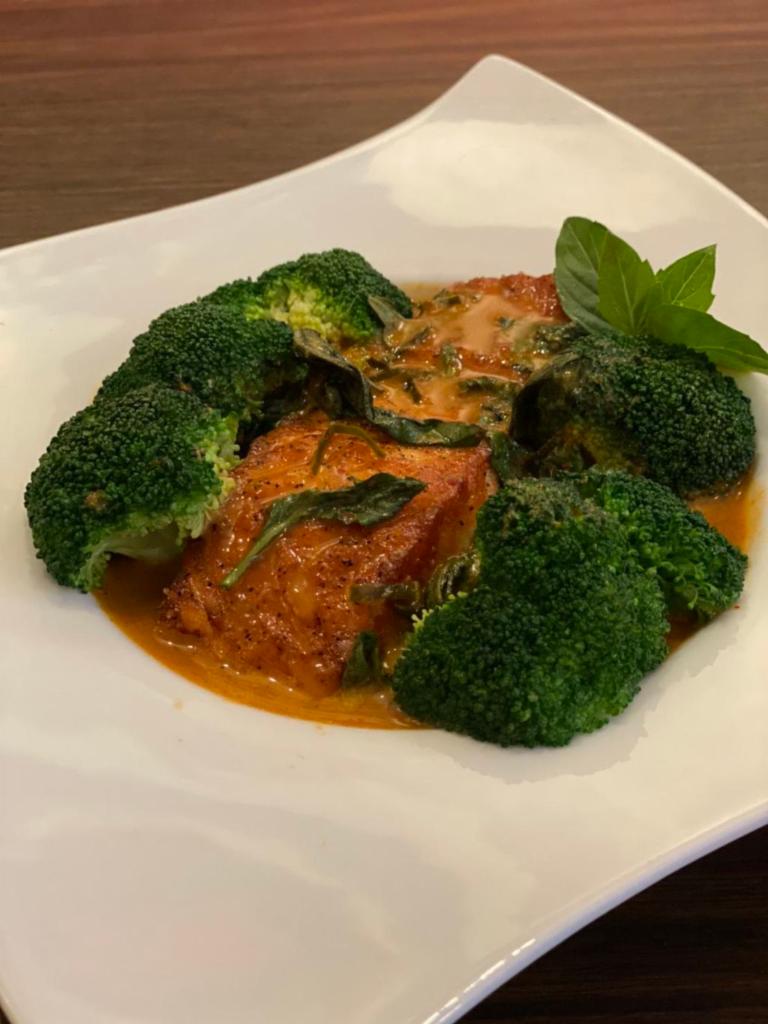 Paula's Thai Kitchen · Asian · Dinner · Seafood · Thai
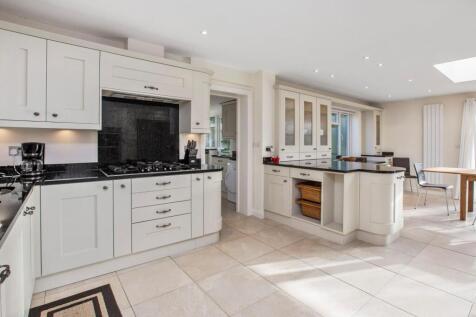 Millhedge Close, Cobham, Surrey, KT11 photo 3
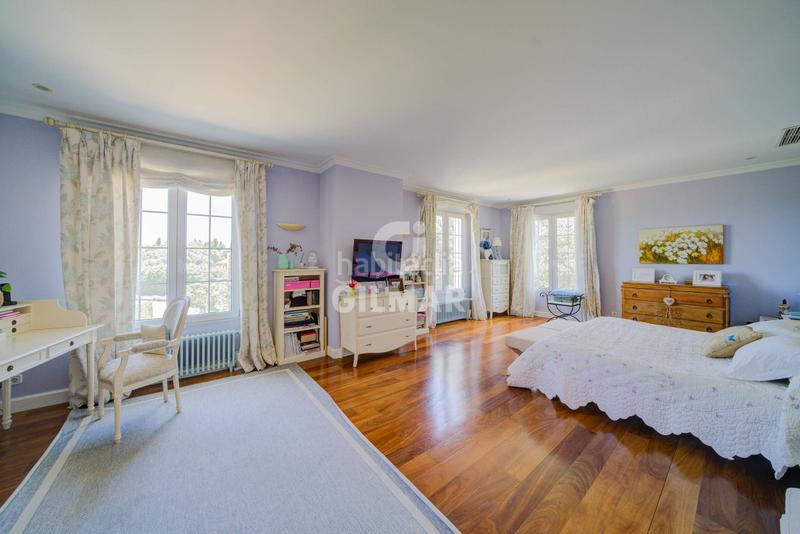 Foto 139e767f-f3e0-47a7-b724-1e84f14a9f0a. Chalet con riscaldamento parcheggio piscina in Ciudalcampo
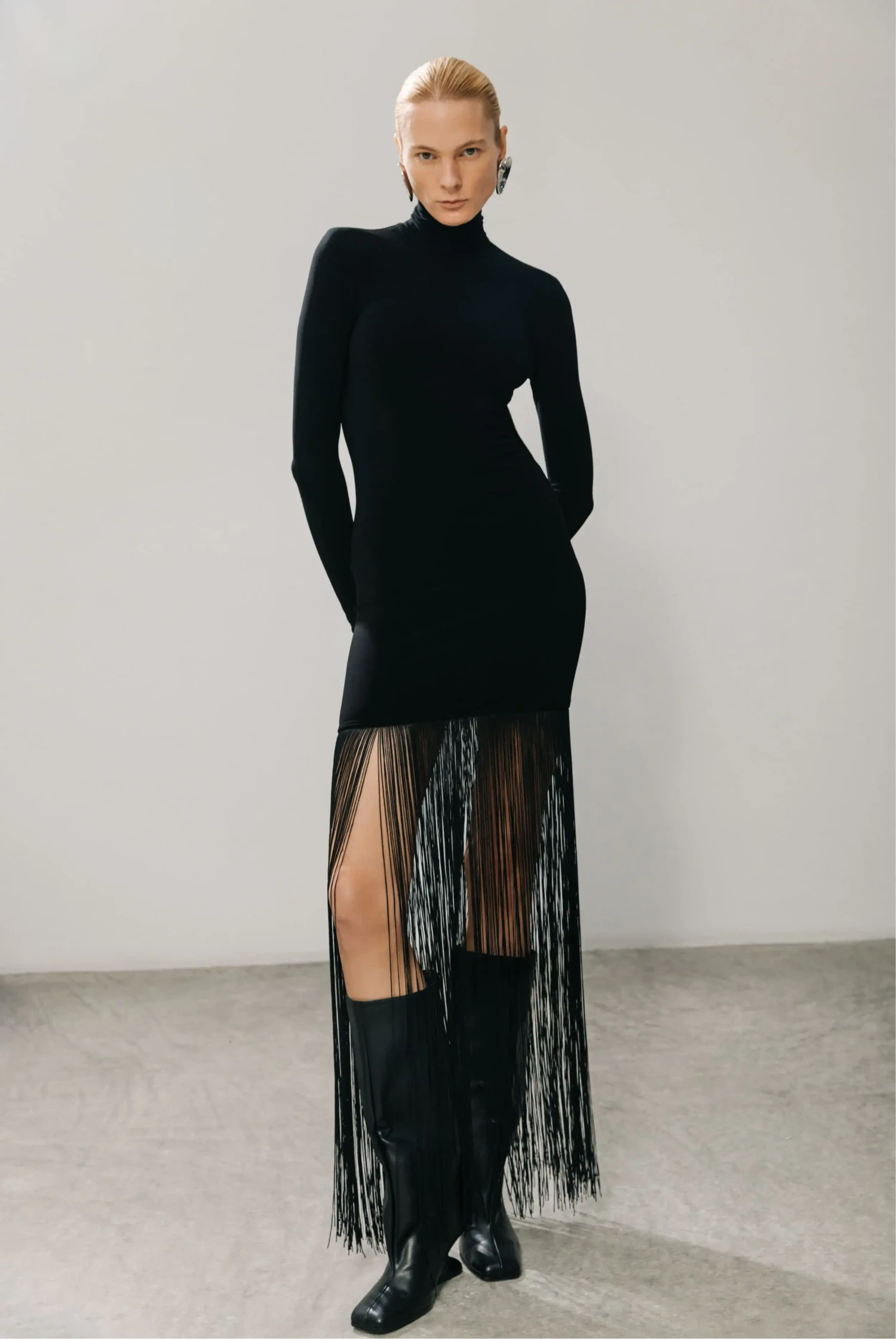 Платье с бахромой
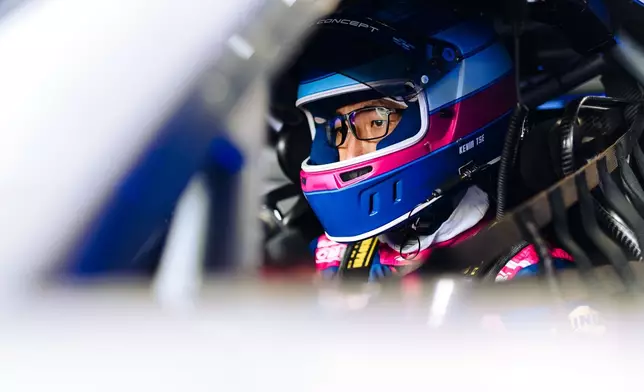 謝榮鍵在Mercedes-AMG GT3賽車座艙內專注備戰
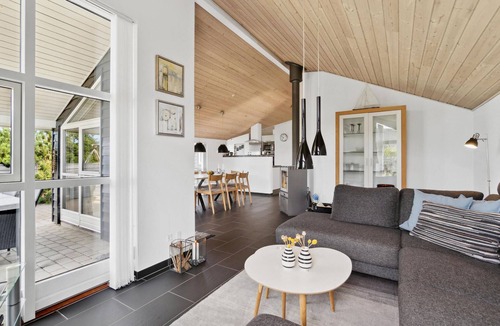 Falen House | Cozy home in Hemmet with sauna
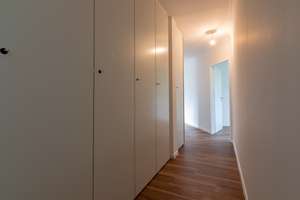Privat an privat! Ohne Makler! Gehobene 3-Zimmer Wohnung im 4. OG mit Balkon in Berlin-Zehlendorf – Die vollständige Adresse der Immobilie erhältst du vom Anbieter., 14167 Zehlendorf, Berlin – Vorschaubild 10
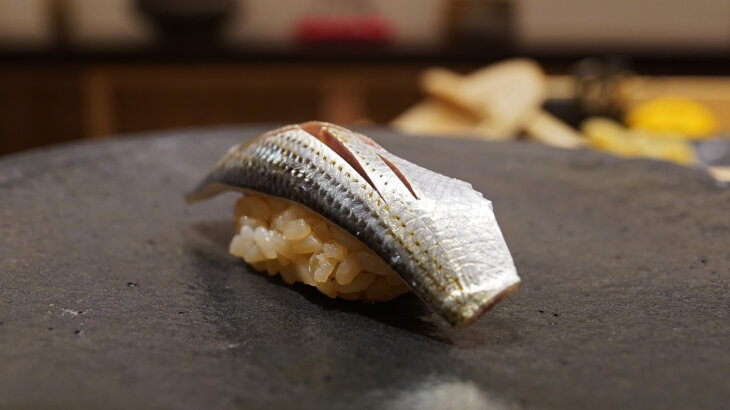 鮨 鈴木丨誠実な仕事が伝わる江戸前鮨を味わう＠東京・銀座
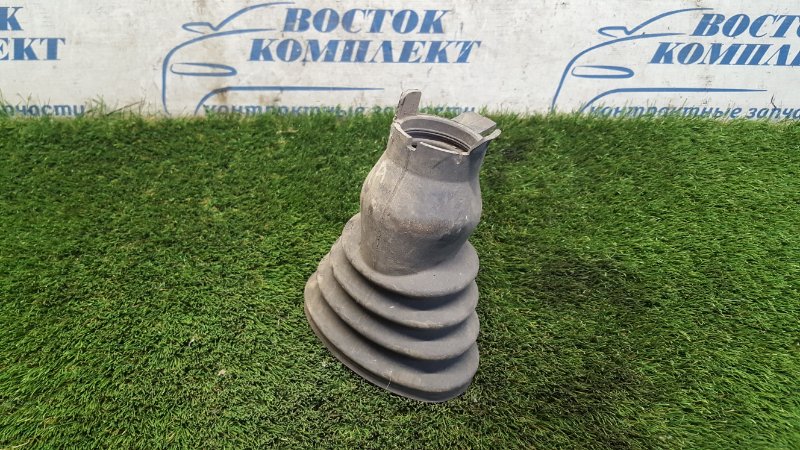 Пыльник рулевого кардана Toyota Sienta NCP81G 1NZ-FE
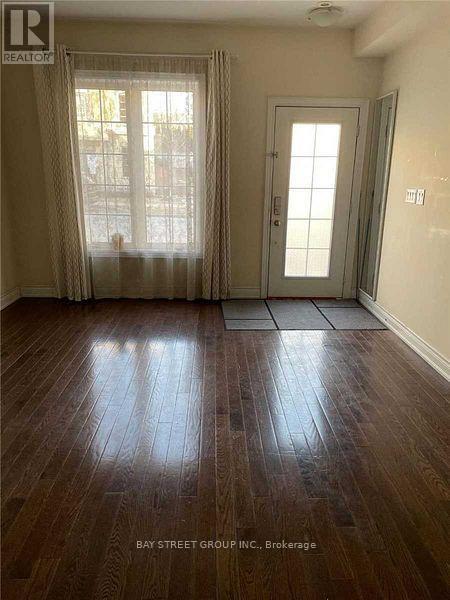 Photo du bâtiment - 51 Hargrave Ln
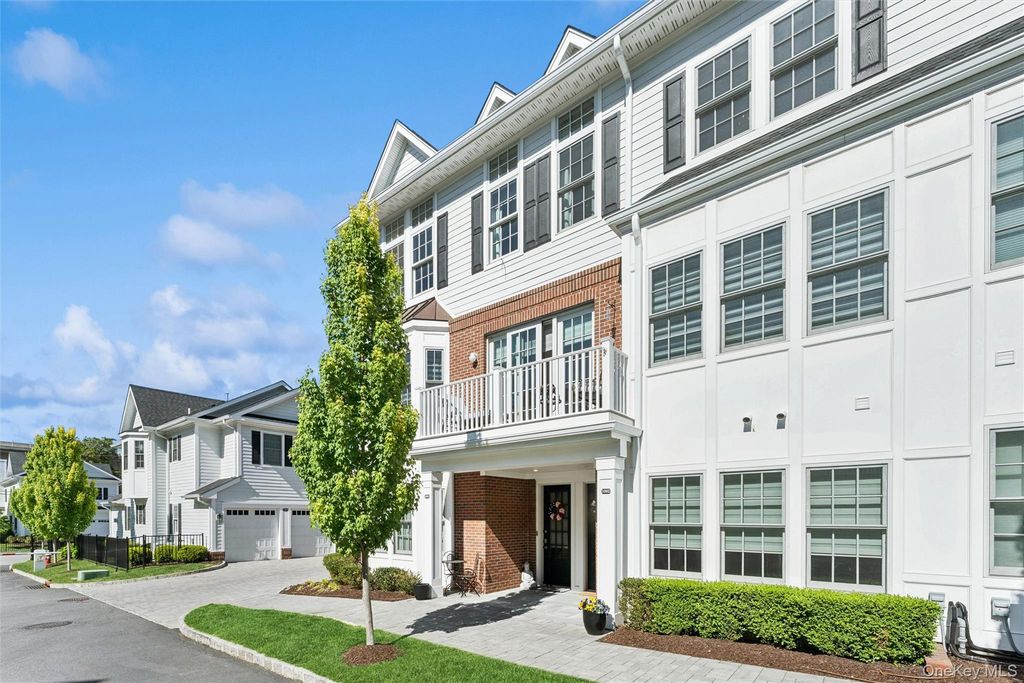 1001 Mill Creek N, Roslyn, NY 11576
———
Although the records contain pictures, the copy should hold only their text, reproduced exactly.

* ANSWER SECTION *
 Paula's Thai Kitchen · Asian · Dinner · Seafood · Thai
 Millhedge Close, Cobham, Surrey, KT11 photo 3
 Foto 139e767f-f3e0-47a7-b724-1e84f14a9f0a. Chalet con riscaldamento parcheggio piscina in Ciudalcampo
 Платье с бахромой
 謝榮鍵在Mercedes-AMG GT3賽車座艙內專注備戰
 Falen House | Cozy home in Hemmet with sauna
Privat an privat! Ohne Makler! Gehobene 3-Zimmer Wohnung im 4. OG mit Balkon in Berlin-Zehlendorf – Die vollständige Adresse der Immobilie erhältst du vom Anbieter., 14167 Zehlendorf, Berlin – Vorschaubild 10
 鮨 鈴木丨誠実な仕事が伝わる江戸前鮨を味わう＠東京・銀座
 Пыльник рулевого кардана Toyota Sienta NCP81G 1NZ-FE
 Photo du bâtiment - 51 Hargrave Ln
 1001 Mill Creek N, Roslyn, NY 11576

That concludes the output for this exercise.